Your objective:
Starting from the line with "Hey guys, welcome" and going up to and including the line with "Welcome to Astralonomy", copy the listing below exactly. Leave all images out.

Data for the task:

★ ★ ★ ★

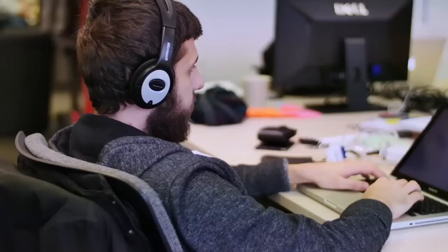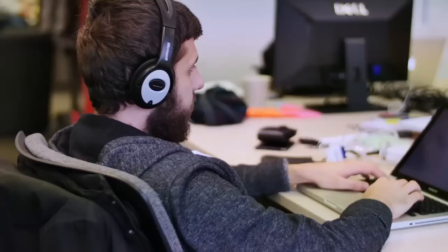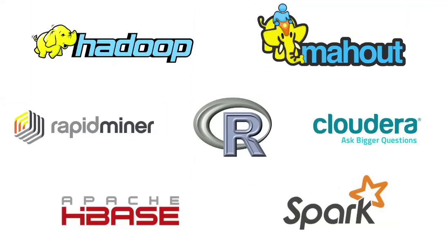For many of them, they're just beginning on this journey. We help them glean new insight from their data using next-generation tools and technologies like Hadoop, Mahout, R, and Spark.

★ ★ ★ ★

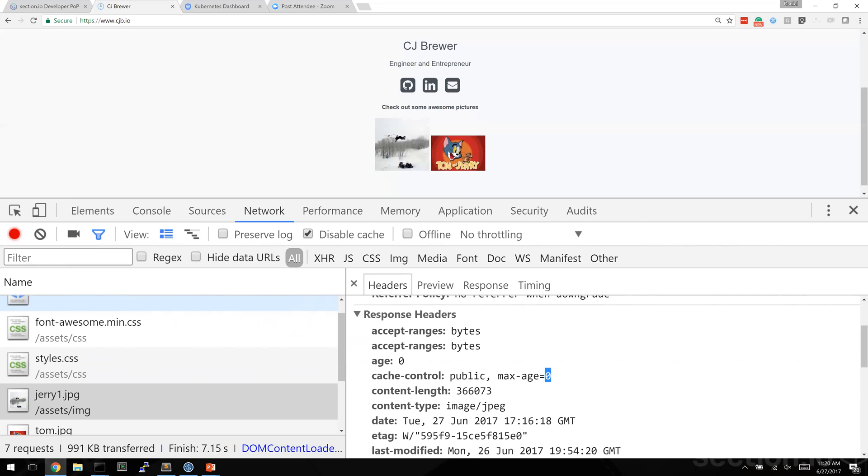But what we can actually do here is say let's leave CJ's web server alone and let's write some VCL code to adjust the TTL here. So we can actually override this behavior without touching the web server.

★ ★ ★ ★

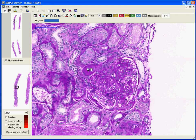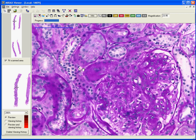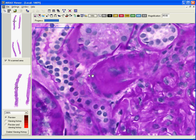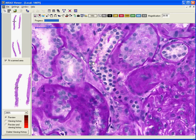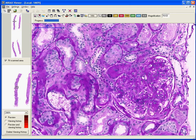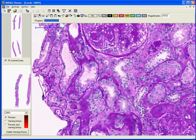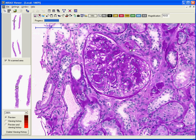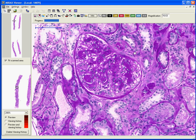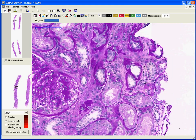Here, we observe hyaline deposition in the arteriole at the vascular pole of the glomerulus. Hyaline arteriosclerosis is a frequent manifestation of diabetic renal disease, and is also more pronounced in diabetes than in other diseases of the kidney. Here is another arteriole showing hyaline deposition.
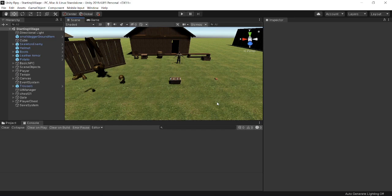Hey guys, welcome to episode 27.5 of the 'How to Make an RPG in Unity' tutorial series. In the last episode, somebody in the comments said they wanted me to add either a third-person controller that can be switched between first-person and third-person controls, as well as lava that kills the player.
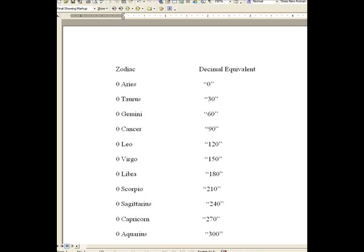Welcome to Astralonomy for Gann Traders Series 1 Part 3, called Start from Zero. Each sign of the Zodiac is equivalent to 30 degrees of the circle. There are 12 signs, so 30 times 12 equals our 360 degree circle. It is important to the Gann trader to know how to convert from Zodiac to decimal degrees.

★ ★ ★ ★

Reply:
Hey guys, welcome to episode 27.5 of the 'How to Make an RPG in Unity' tutorial series. In the last episode, somebody in the comments said they wanted me to add either a third-person controller that can be switched between first-person and third-person controls, as well as lava that kills the player.
Welcome to Astralonomy for Gann Traders Series 1 Part 3, called Start from Zero. Each sign of the Zodiac is equivalent to 30 degrees of the circle. There are 12 signs, so 30 times 12 equals our 360 degree circle. It is important to the Gann trader to know how to convert from Zodiac to decimal degrees.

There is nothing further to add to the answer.